_Exercise goal_
Your answer should contain only the lines from the top of the data below down through the one with "Cozinha Compacta Topazio", transcribed exactly and without pictures; please include nothing more.

Exercise inputs Start Marker

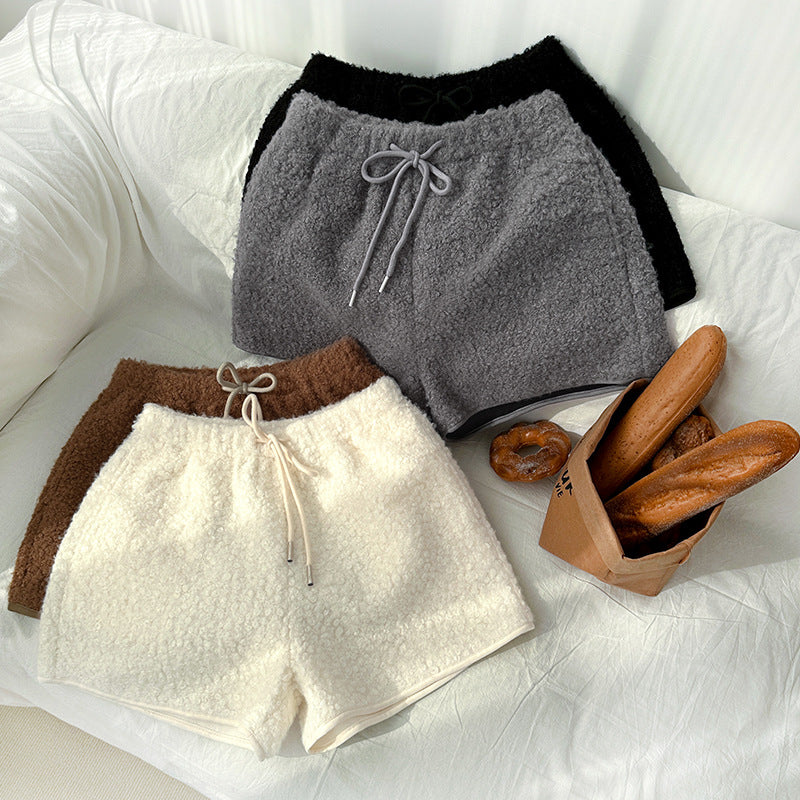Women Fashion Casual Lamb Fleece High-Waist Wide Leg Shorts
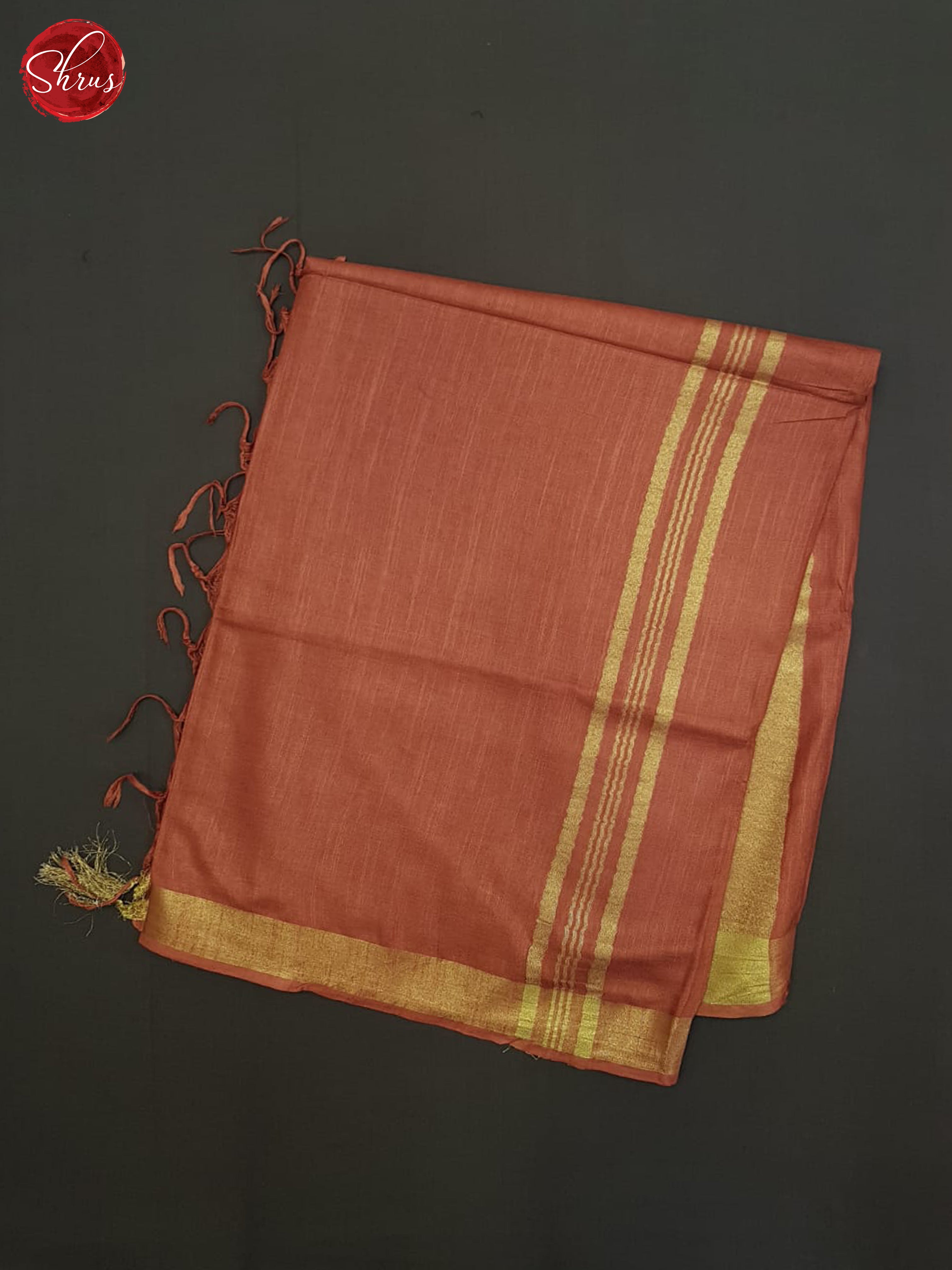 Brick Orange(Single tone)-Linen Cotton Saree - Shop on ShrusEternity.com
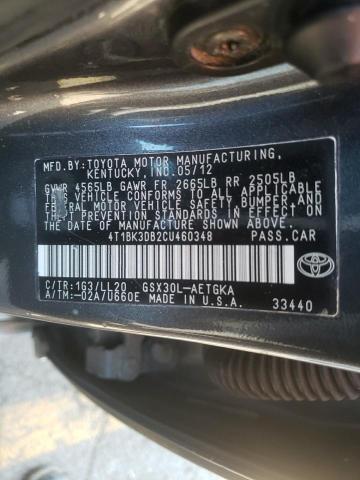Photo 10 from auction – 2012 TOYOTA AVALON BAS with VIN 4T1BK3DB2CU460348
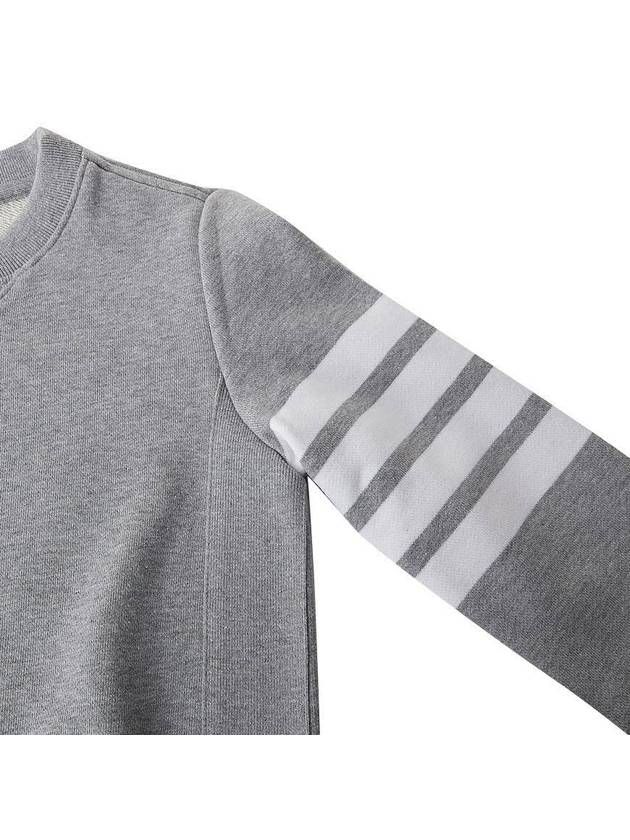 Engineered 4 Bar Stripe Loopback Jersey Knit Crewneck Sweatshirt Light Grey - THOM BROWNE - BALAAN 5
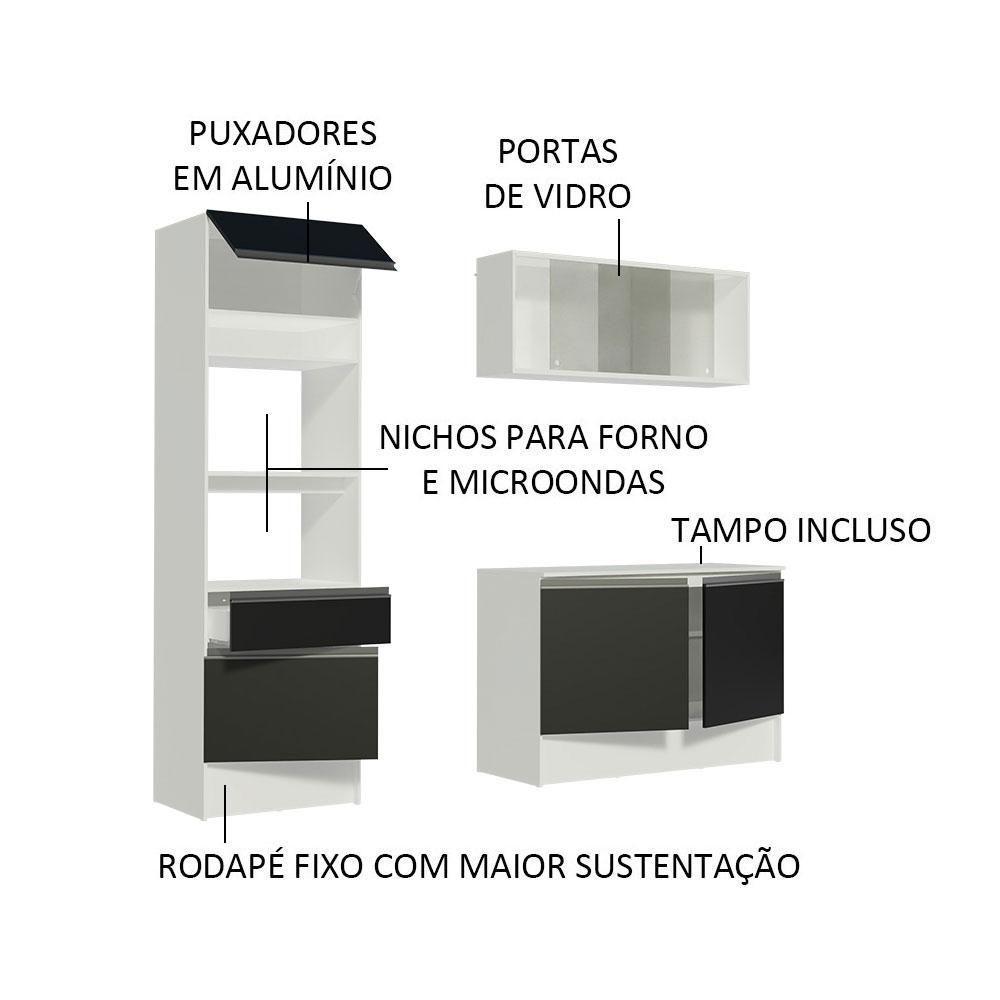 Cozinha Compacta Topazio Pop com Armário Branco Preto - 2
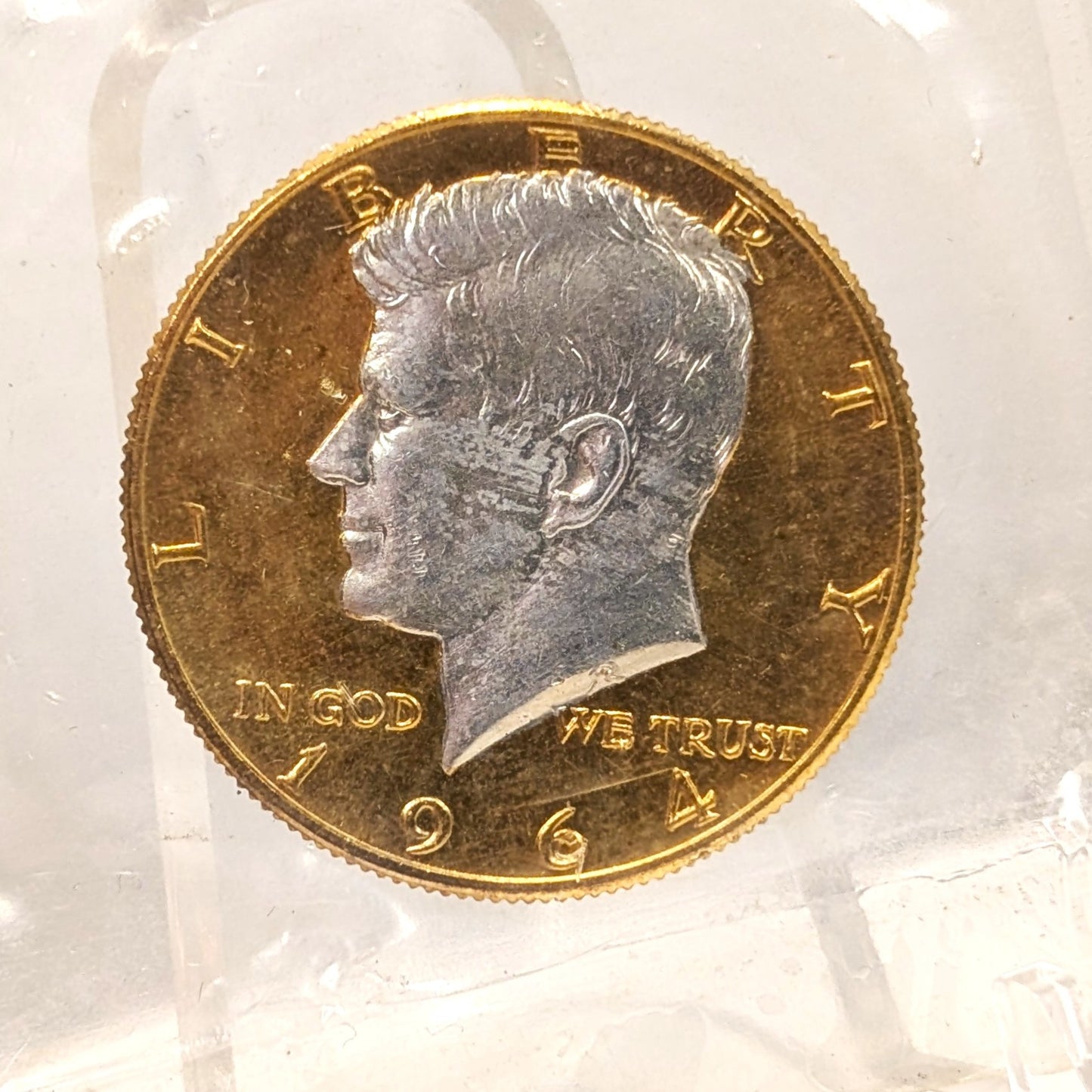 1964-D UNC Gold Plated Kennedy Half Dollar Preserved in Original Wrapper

Exercise inputs End Marker

_Answer below_
Women Fashion Casual Lamb Fleece High-Waist Wide Leg Shorts
 Brick Orange(Single tone)-Linen Cotton Saree - Shop on ShrusEternity.com
Photo 10 from auction – 2012 TOYOTA AVALON BAS with VIN 4T1BK3DB2CU460348
 Engineered 4 Bar Stripe Loopback Jersey Knit Crewneck Sweatshirt Light Grey - THOM BROWNE - BALAAN 5
 Cozinha Compacta Topazio Pop com Armário Branco Preto - 2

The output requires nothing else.